Last week I penned a column condemning the decision by Tigers for Liberty to bring Dinesh D’Souza to campus on the grounds that D’Souza is both morally bankrupt and intellectually dishonest. Since then, a minor controversy has erupted after the Wendt brothers, perhaps the most prominent conservative students on campus, had the American flags outside their doors turned upside down and fliers advertising D’Souza’s lecture were inoffensively defaced and left outside their rooms with a childishly written note suggesting that bringing “controversial” speakers to campus puts Trinity and its students in a bad light. The students that did this should be ashamed of themselves (and learn how to write) but the Wendts’ response has, interestingly, adopted much of the language and demeanor of the social justice groups that conservatives so often deride: claiming harassment, professing to stand up to intimidation tactics, etc. Indeed, their decision to reach out to local and national news agencies with their story of “harassment” seems designed to gain attention as much as to express legitimate grievance. Attention-seeking is not unique to Trinity’s conservatives. A friend of mine at Columbia, describing the attempts of the Columbia Republicans to bring Milo Yiannopoulos and D’Souza to campus, said, “[It] is just purely for controversy. Attention is what they hope to gain. People forget that there are Republicans here.”

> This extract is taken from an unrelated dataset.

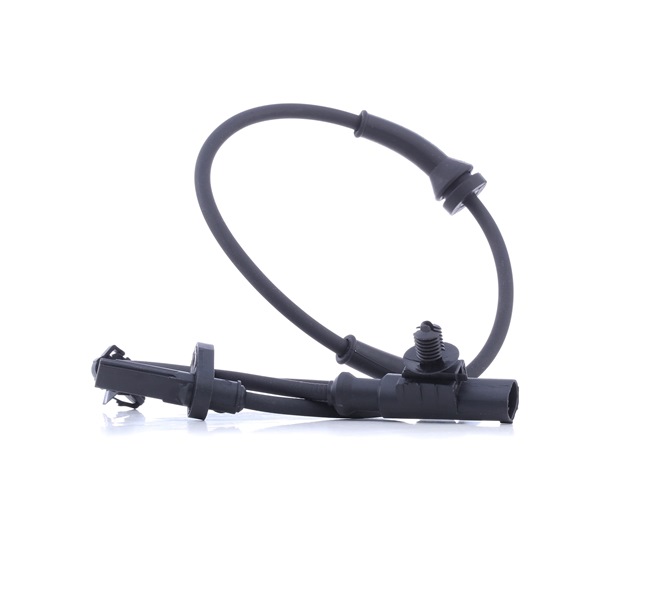 412W1447 RIDEX ABS-Radsensor Modell F 2.0 90 PS Benzin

That last sentence is probably true at many college campuses, and certainly at Trinity. I can comfortably start most conversations with the presumption that the other person is a liberal who votes Democratic. As such, I imagine that many conservatives on campus feel alone, marginalized and, dare I say, stigmatized when it comes to their political beliefs. This can’t be enjoyable and their decision to band together is understandable.
However, now that they have decided to advocate loudly and proudly for their cause, they are facing issues of tactics universally common to advocacy groups. Specifically, it is difficult to balance getting attention while maintaining quality. I think that their recent choices have tilted the scale more towards scandal than substance, an overcorrection for the marginalization they previously felt. Leniency is appropriate to an extent, but Tigers for Liberty would be wise to consider how rapidly liberal students sincerely interested in learning about conservatism will rightly lose patience and interest when we are primarily presented with intellectually vacuous hacks like D’Souza and Milo.
The larger controversy seems to be a question about what kind of speech should be allowed on a college campus, something that I think Tigers for Liberty have been unnecessarily flippant about. Current students and alumni have voiced their concerns that Milo, Anderson and, preemptively, D’Souza promote hate speech and intolerance that makes Trinity’s campus and community uncomfortable for students that belong to marginalized groups. More than that, these conscientious objectors assert that this type of speech is actively harmful and, crucially, that marginalized or offended students should not have to hear or fight this type of speech on a college campus.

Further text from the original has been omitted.